Kilka dni temu dzielnicowi z Komisariatu Policji V w Krakowie podczas patrolu w rejonie Ludwinowa zauważyli dwóch mężczyzn siedzących w pojeździe.
Kierowca próbował uciec radiowozowi, ale policjanci zablokowali mu drogę ucieczki. Po podejściu do auta funkcjonariusze dostrzegli pakunki znajdujące się pomiędzy przednimi siedzeniami. Mężczyźni twierdzili, że to części samochodowe, jednak policjanci nie uwierzyli w te wyjaśnienia i postanowili sprawdzić zawartość pakunków. Nagle stało się jasne, czemu próbowali uciec.
Absurdalna ilość
Podczas kontroli okazało się, że w samochodzie znajduje się kilkadziesiąt woreczków strunowych z różnymi narkotykami. Dodatkowo obaj mężczyźni, 20 i 28-latek mieli przy sobie substancje odurzające.

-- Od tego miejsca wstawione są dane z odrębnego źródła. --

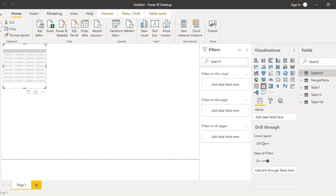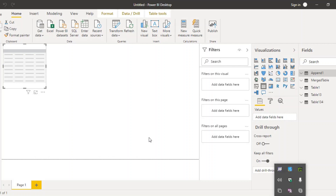Hello everyone, welcome back to the Power BI tutorials. In this video we will see how we can merge different Excel workbooks into one in Power BI. We're working with Excel because there's a huge possibility your data is in Excel sheets that you need to import into Power BI. We've already seen how to merge different tables or sheets, and now we'll see how to merge different workbooks into one another.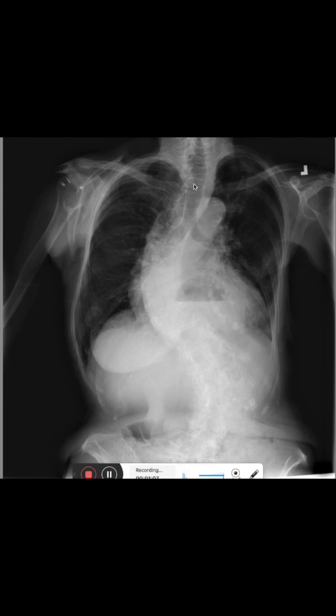We can also see that the trachea has sclerosis — that's this white outline here. And we see here an air fluid level; that's the stomach bubble, so the patient has a large hiatus hernia.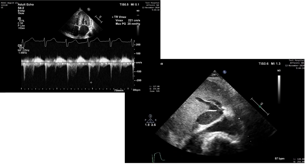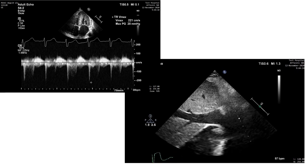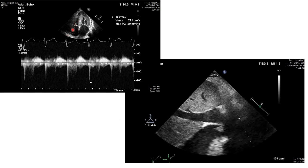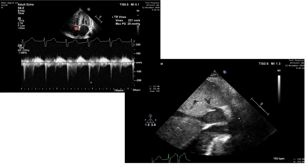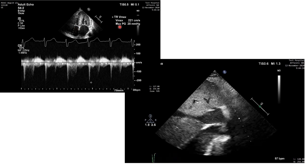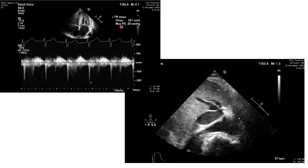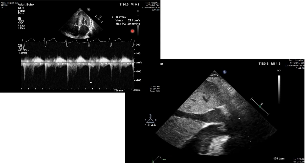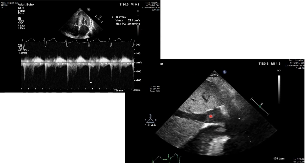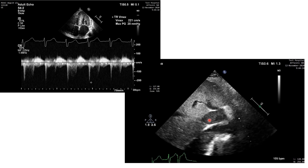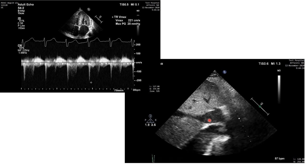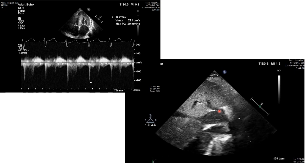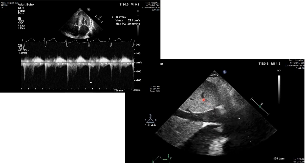This is trying to calculate the right ventricular systolic pressure. In the upper image you can see the cursor with continuous wave across the tricuspid valve, showing tricuspid regurgitation with a maximum velocity of 2.2 m/s and a gradient of 20 mmHg. We will add 15 mmHg because the IVC is dilated and incompressible just proximal to the hepatic vein, which looks a bit engorged.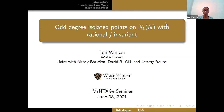All right, everyone. Thank you for coming back for the second talk of the Vantage Seminar today. This is our second talk in the series about modular curves and Galois representations. We're happy to have Laurie Watson speaking about odd degree isolated points on X1 of n with rational J invariant. Laurie, is it all right if we video this talk? Yes. Great. Please go ahead.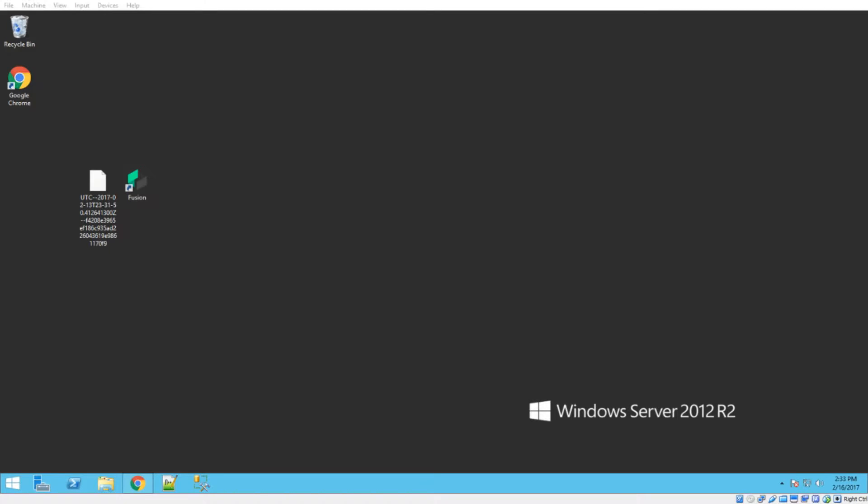Today we're going to cover how to do the initial wallet import after you've downloaded and installed Fusion. So the first video was just the installation, real quick and simple, and the next thing we'll get into is importing your wallet file.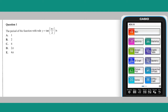Using the relationship between the period of a tan function, which is pi units, and the coefficient of x, which is pi over 2 in this case, the period of this function can be found by dividing pi by pi over 2, which is equal to 2. Answer B.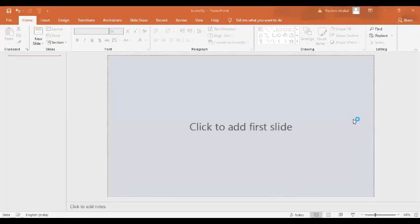Welcome to PPT Janics. Happy Makar Sankranti to all. On this occasion of Makar Sankranti, let's learn how to create an animated kite and a flying kite.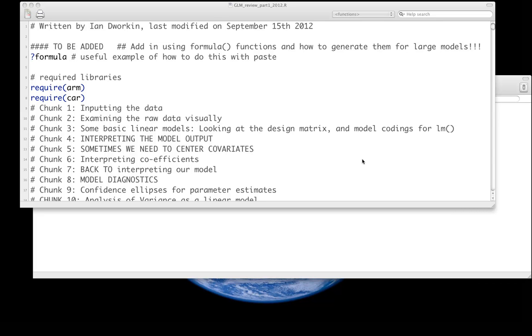We're now going to begin looking at general linear models and doing a brief review of them. This is brief, and assumes that you've taken some course where you've already covered them in some detail. This is more about just getting used to doing it in R.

Łącznie policjanci zabezpieczyli ponad 124 gramy marihuany, prawie 52 gramy amfetaminy, blisko 50 gramów mefedronu, ponad 12 gramów heroiny, blisko 3 gramy ecstasy oraz ponad 1 gram kokainy.

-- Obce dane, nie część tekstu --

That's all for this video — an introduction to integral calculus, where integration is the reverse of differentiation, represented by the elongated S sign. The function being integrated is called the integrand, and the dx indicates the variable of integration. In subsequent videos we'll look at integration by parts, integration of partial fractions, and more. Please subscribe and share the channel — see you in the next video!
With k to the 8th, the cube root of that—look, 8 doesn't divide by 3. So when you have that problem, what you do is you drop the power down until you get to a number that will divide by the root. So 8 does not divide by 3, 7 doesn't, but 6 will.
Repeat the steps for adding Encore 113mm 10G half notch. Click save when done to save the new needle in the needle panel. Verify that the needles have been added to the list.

Dalsza część artykułu pod galerią zdjęć
Zarzuty w stosunku do zatrzymanych
Po zatrzymaniu mężczyźni zostali przewiezieni do komisariatu, gdzie usłyszeli zarzuty posiadania oraz przygotowań do wprowadzenia do obrotu znacznych ilości narkotyków.
Grozi im kara do 10 lat pozbawienia wolności. Prokuratura zastosowała także wobec 20-latka policyjny dozór, poręczenie majątkowe oraz zakaz zbliżania się do 28-latka na mniej niż 50 metrów.